■ Your goal ■
Extract the lines beginning at the one that holds "九尾之狐达己-原创商业插图" and ending at the final line of the material below, keeping them exact and leaving out all pictures.

+-------+

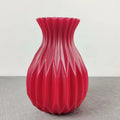 Ripple Form Decorative Vase — material texture close-up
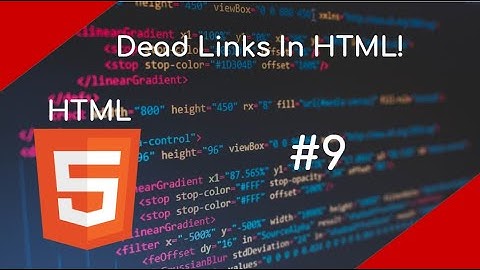 What Is A Dead Link In HTML || How To Create A Dead Link In HTML
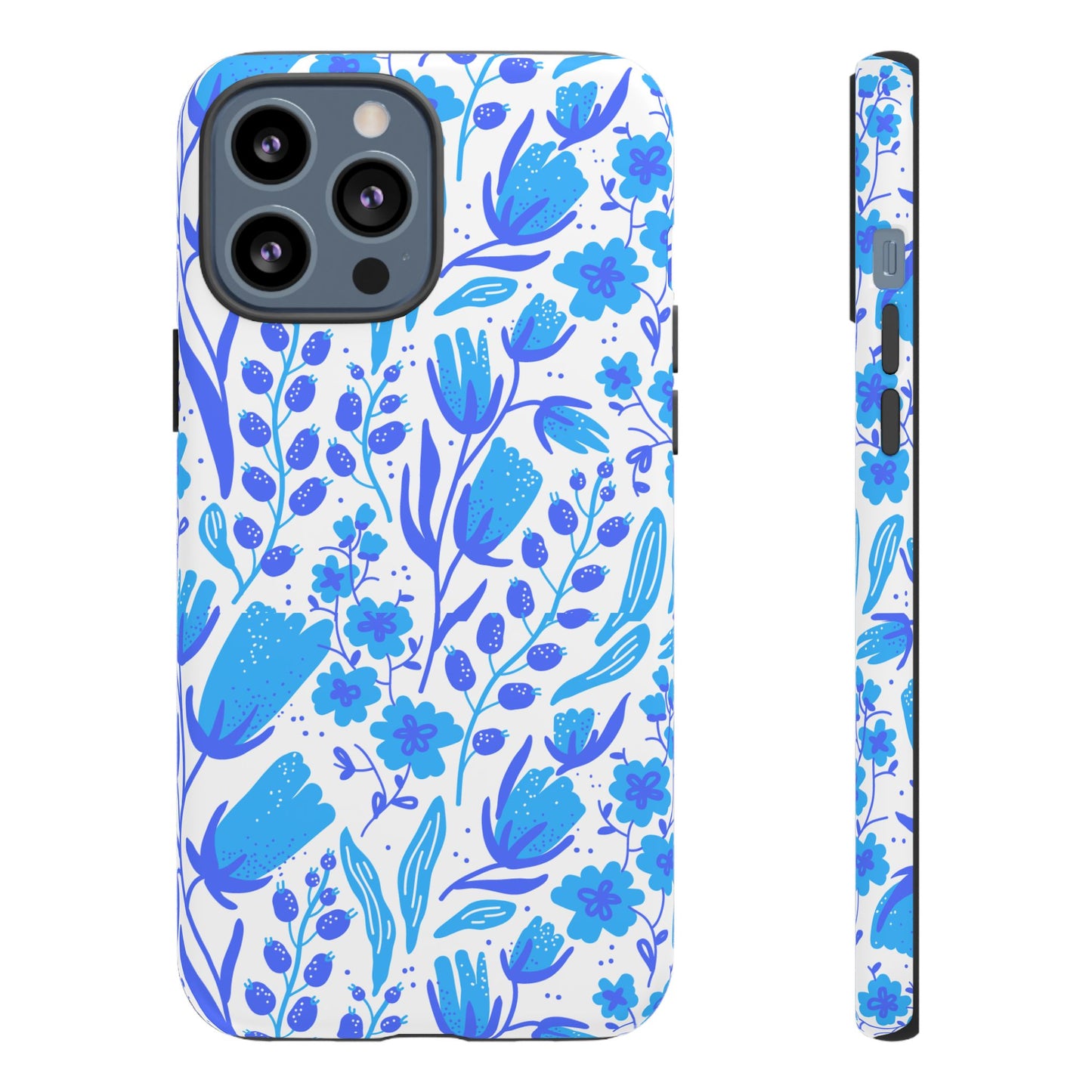 Santorini in Full Bloom Tough Phone Cases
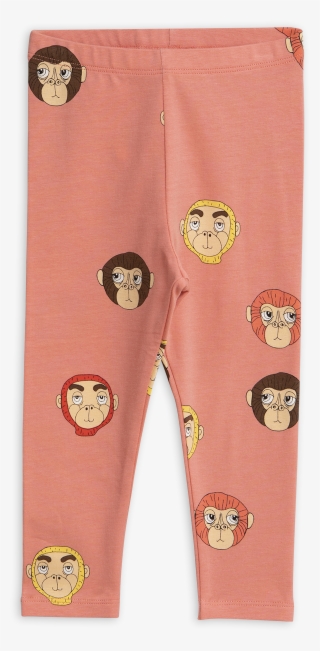 Monkeys Printed Leggings - Pajamas #6489633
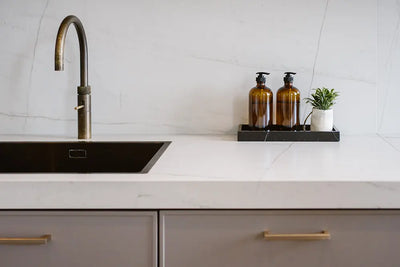 Rectangle Marble Tray with Edges (Black)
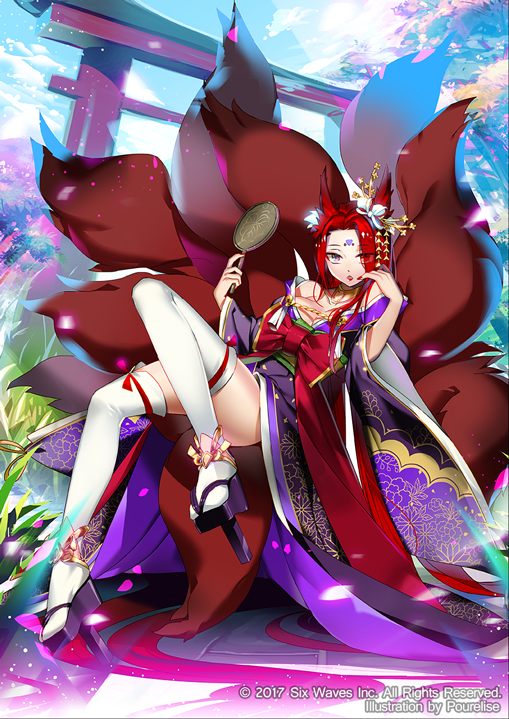 九尾之狐达己-原创商业插图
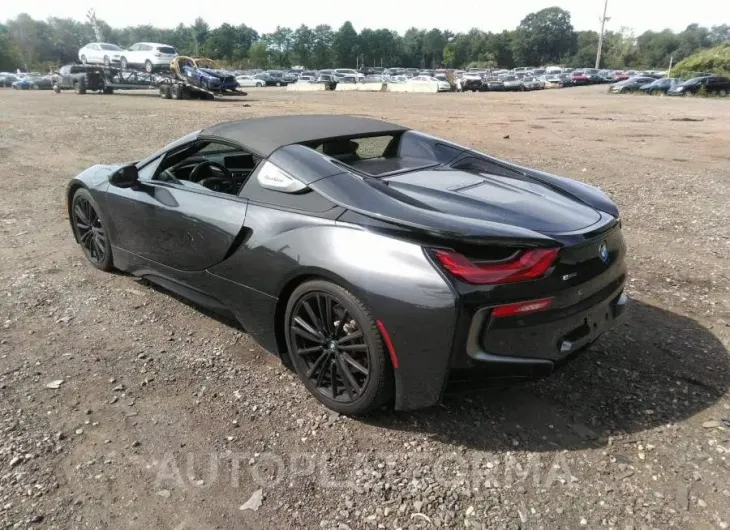 BMW I8 2019 vin WBY2Z6C50KVB83058 from auto auction Iaai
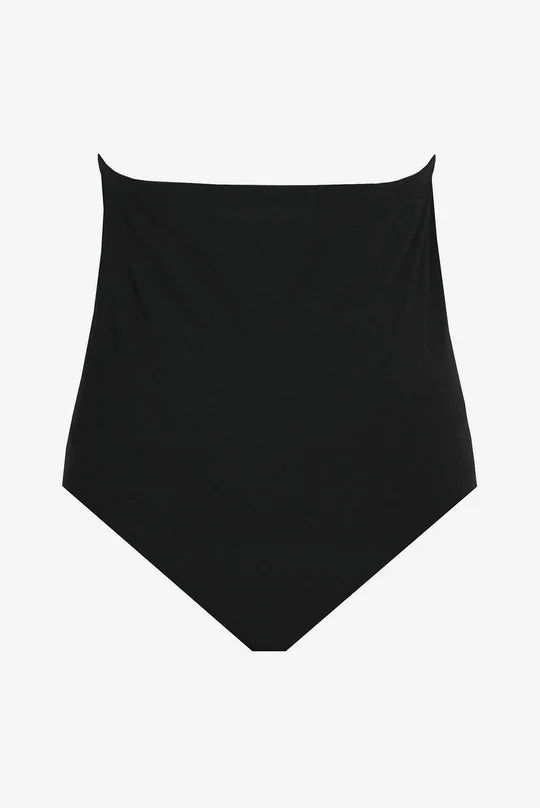 Solid Super Hi Waist Bikini Bottom In Black - Miracle Suit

+-------+

■ Response to this task ■
 九尾之狐达己-原创商业插图
 BMW I8 2019 vin WBY2Z6C50KVB83058 from auto auction Iaai
 Solid Super Hi Waist Bikini Bottom In Black - Miracle Suit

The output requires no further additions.